Using a variety of different observations, scientists had reached the conclusion that the normal (“baryonic”) matter formed in the early universe must make up 4% of the total matter in the universe, and the other 96% is composed of “dark matter” (some 20%) and “dark energy” (some 76%). These latter two entities are among the biggest mysteries of current cosmology, because the scientists do not know what they are.

Until now, although the baryonic matter had been detected out to great distances from us, around one half of it had not been identified (this is 2% of the total, if we include the dark matter and dark energy). It should be identifiable in our local surroundings, in our galaxy and other nearby galaxies, individuals as well as in groups and clusters. The theoretical models indicated that it should be found in the form of gas in the intergalactic medium, with ranges of temperature and pressure which make it very hard to detect by conventional techniques (including observations in the visible, or by X-rays).
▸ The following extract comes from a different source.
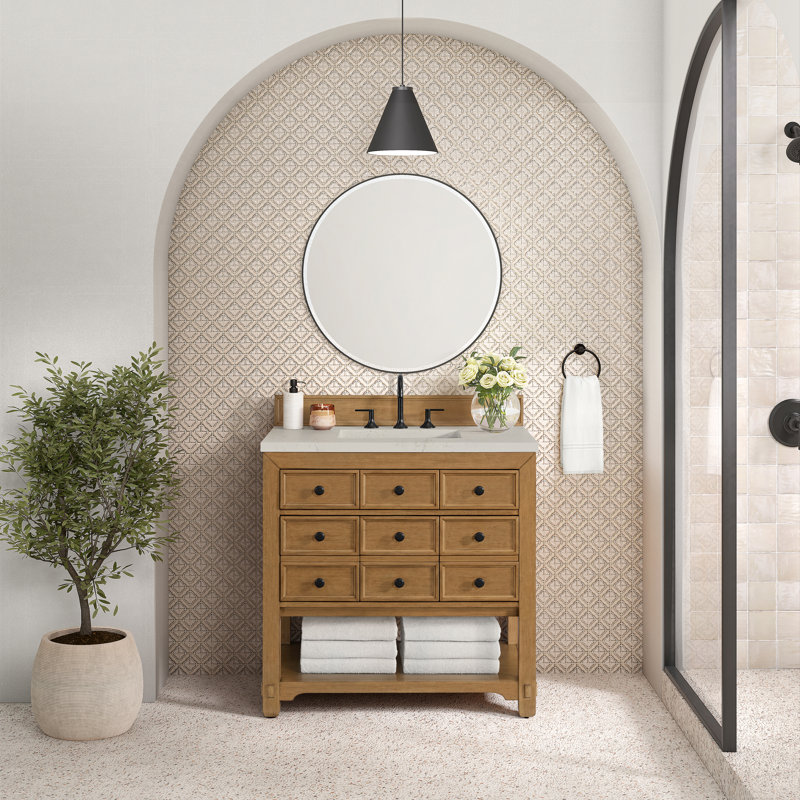 Malibu 36'' W Single Vanity, Widespread, Amber Birch, Siberian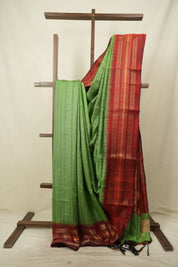 Parrot Green Raw Silk Saree - SRPGRSS1142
However, in this study evidence for the existence of this elusive baryonic matter have been found using data from the Planck satellite in the directions of very luminous red galaxies previously detected and catalogued in the Sloan Digital Sky Survey, in the visible. These results are based on the interpretation of measurements presented in a previous article from the Planck collaboration about the Sunyaev-Zel’dovich effect, which is the result of the interaction between a gas of hot electrons and the Cosmic Microwave Background radiation, (the relic of the Big Bang, which fills the universe). The estimate of the amount of matter detected in this research is compatible with it being about half the baryonic component so far detected in the local universe.

This work, led by Carlos Hernández Monteagudo, of the Centre for Studies of the Physics of the Cosmos, in Aragon (CEFCA) and carried out in collaboration with the IAC and the Institute of Physics of Cantabria (IFCA) as well as with researchers from the United Kingdom, Germany, and France, was recently published in the journal Physical Review Letters.

Reference: Evidence of the Missing Baryons from the Kinematic Sunyaev-Zeldovich Effect in Planck Data. Physical Review Letters.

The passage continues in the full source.